All of lore.kernel.org
 help / color / mirror / Atom feed
* [PATCH bpf-next v3] bpf: Better build_id caching in stack_map_get_build_id_offset()
@ 2026-06-15 19:55 Ihor Solodrai
  2026-06-15 20:12 ` sashiko-bot
  0 siblings, 1 reply; 3+ messages in thread
From: Ihor Solodrai @ 2026-06-15 19:55 UTC (permalink / raw)
  To: Alexei Starovoitov, Andrii Nakryiko, Daniel Borkmann,
	Eduard Zingerman, Kumar Kartikeya Dwivedi, Song Liu
  Cc: bpf, kernel-team

This patch is a follow up to recent implementation of
stack_map_get_build_id_offset_sleepable() [1].

stack_map_get_build_id_offset() and its sleepable variant each cached
only the last successfully resolved VMA, with separate bookkeeping in
each function.
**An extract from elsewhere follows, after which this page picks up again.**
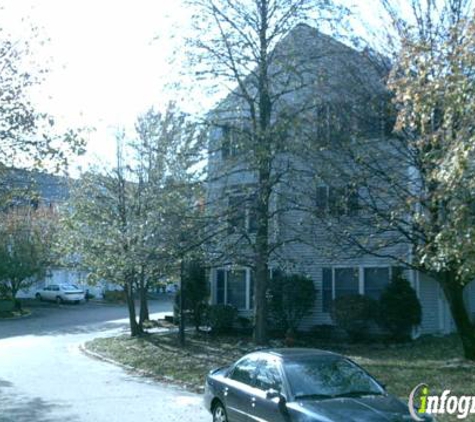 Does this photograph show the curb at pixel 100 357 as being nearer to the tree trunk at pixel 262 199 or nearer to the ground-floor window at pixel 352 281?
the tree trunk at pixel 262 199

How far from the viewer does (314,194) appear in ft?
58.8

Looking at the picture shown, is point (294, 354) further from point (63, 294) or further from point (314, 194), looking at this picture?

A run of IPs in a VMA with no usable build ID will
repeat the lookup for every frame: find_vma() in the non-sleepable
path, a VMA lock and a blocking build_id_parse_file() in the sleepable.

Factor the per-call cache into a shared struct stack_map_build_id_cache
with two independent slots [2][3], used by both functions:

  * resolved   - last VMA that produced a build ID (file, build_id and
                 range), reused to skip the lookup and the parse;
  * unresolved - last VMA with no usable build ID (range only), reused to
                 emit a raw IP without another lookup or parse.

Keeping the slots independent means a build-ID-less VMA no longer evicts
the last resolved build ID, so a trace alternating between a binary and a
region without one stops re-resolving the binary on every return.

The shared lookup tests [vm_start, vm_end), matching the sleepable path;
the non-sleepable path previously reused a build ID for ip == vm_end
(range_in_vma() is inclusive) and now re-resolves it correctly.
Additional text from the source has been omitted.